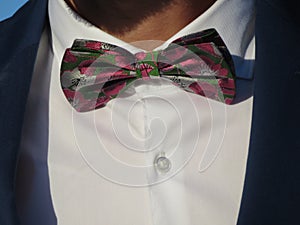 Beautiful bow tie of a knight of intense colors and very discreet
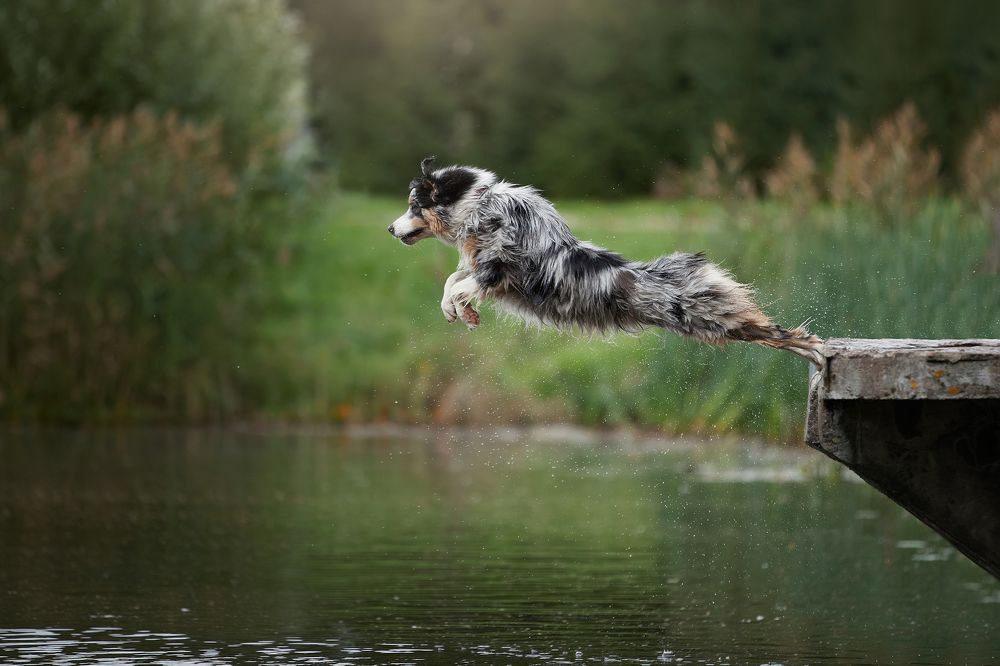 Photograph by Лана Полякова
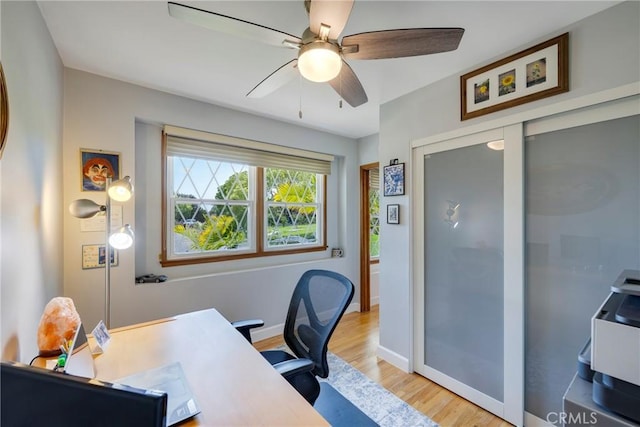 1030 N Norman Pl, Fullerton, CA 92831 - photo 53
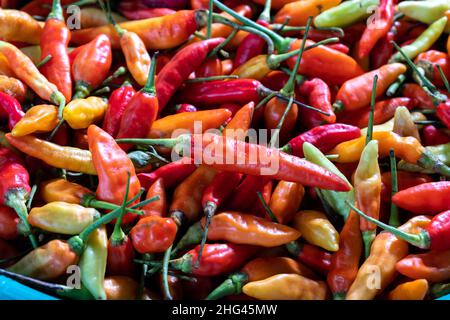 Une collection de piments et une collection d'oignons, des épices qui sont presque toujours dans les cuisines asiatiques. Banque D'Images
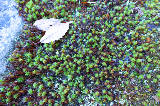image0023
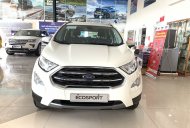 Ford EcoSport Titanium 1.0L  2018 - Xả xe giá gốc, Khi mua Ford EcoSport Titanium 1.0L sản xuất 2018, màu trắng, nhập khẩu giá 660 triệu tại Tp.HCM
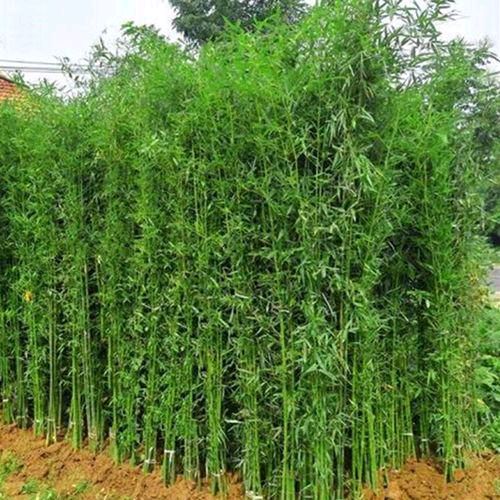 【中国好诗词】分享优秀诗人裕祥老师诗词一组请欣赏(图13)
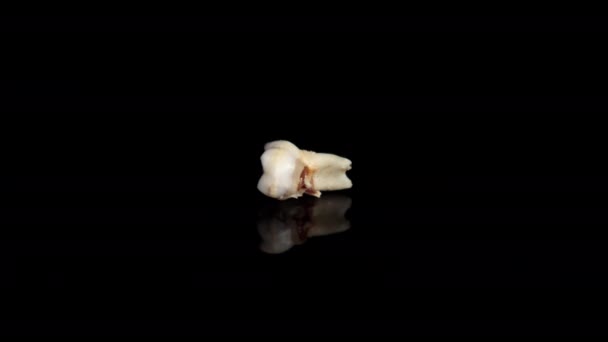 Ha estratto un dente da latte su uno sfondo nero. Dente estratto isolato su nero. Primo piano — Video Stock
--
TASK ITEM: What is needed is a word-for-word repeat of every line from the line with "Photograph by Лана Полякова" to the end of the entries above; leave out the pictures.

WRITTEN REPLY:
 Photograph by Лана Полякова
 1030 N Norman Pl, Fullerton, CA 92831 - photo 53
 Une collection de piments et une collection d'oignons, des épices qui sont presque toujours dans les cuisines asiatiques. Banque D'Images
image0023
 Ford EcoSport Titanium 1.0L  2018 - Xả xe giá gốc, Khi mua Ford EcoSport Titanium 1.0L sản xuất 2018, màu trắng, nhập khẩu giá 660 triệu tại Tp.HCM
 【中国好诗词】分享优秀诗人裕祥老师诗词一组请欣赏(图13)
 Ha estratto un dente da latte su uno sfondo nero. Dente estratto isolato su nero. Primo piano — Video Stock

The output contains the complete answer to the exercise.